OOH EMM GEEEEEEE

Have you ever heard a song that stopped you dead in your tracks?   Most songs have to grow on me.  I listen to them over and over until they are imprinted on my brain.  The repetition is comforting. The Wood Song by the Indigo Girls was the theme song of my mother’s death. I would listen to it ad nauseam and cry buckets. Well, I just found the soundtrack for my dad’s death. This song touched me from the very first moment “The roses came but they took you away.” I’m all in.  I stay in the car until the song is finished.
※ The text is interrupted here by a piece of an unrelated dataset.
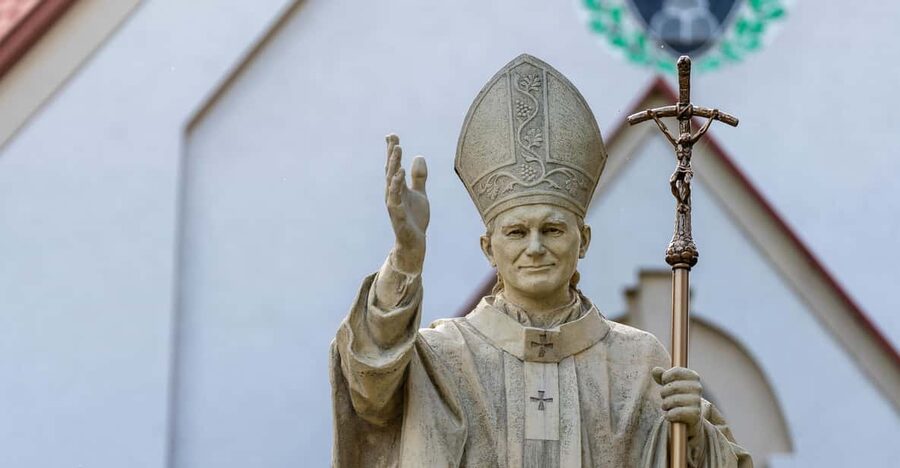 IN THE FOOTSTEPS OF JOHN PAUL II. FULL TOUR WITH AUDIO GUIDE - Why this John Paul II route works
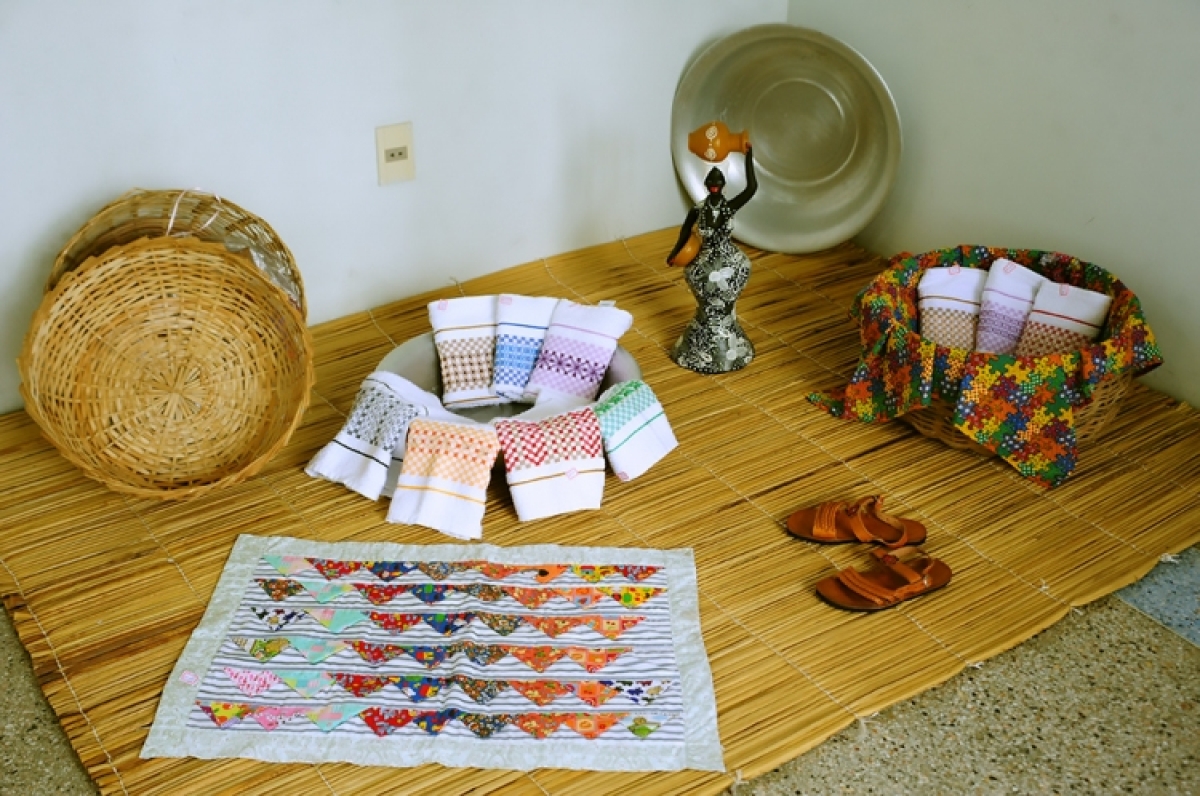 A mostra fica no prédio até o dia 7 de dezembro (Foto: Edinah Mary/PMA)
Dad, you were home in your bedroom just like you wanted. Your last lucid moment had been on Thursday.  Melisse and I were keeping vigil. Waiting. Early Monday the sitter called us down.  It was over.  It was peaceful, it was good.  You were in Heaven and we had no regrets. But then reality kicked in, phone calls, paperwork, funeral home, goons with white gloves.  Melisse took over.  I was spent.  I was up stairs napping when I heard them come to get you.  Two Gothic weirdos right out of central casting.  I swear, one of them had a handle bar mustache and a driving cap.  They zipped you up in a bag and took you away.  They left a single red rose on the bed where you had been.  That part was creepy.

Later that afternoon, I overheard Melisse on the phone with the funeral home. “What do you mean you don’t have him?  Somebody came and got him? Where the heck is he?” Sorry Dad, but we temporarily misplaced you. It turns out “that funeral home up there on Park Avenue” was not specific enough. My bad, I’m from out of town.

Today,pulling into my driveway, I hear this song by The Script.  I sit in my car listening to the rap lyrics, sometimes profane,  until the song is over.  I cry buckets.  I’ve found my theme song for you, Dad.  I miss you.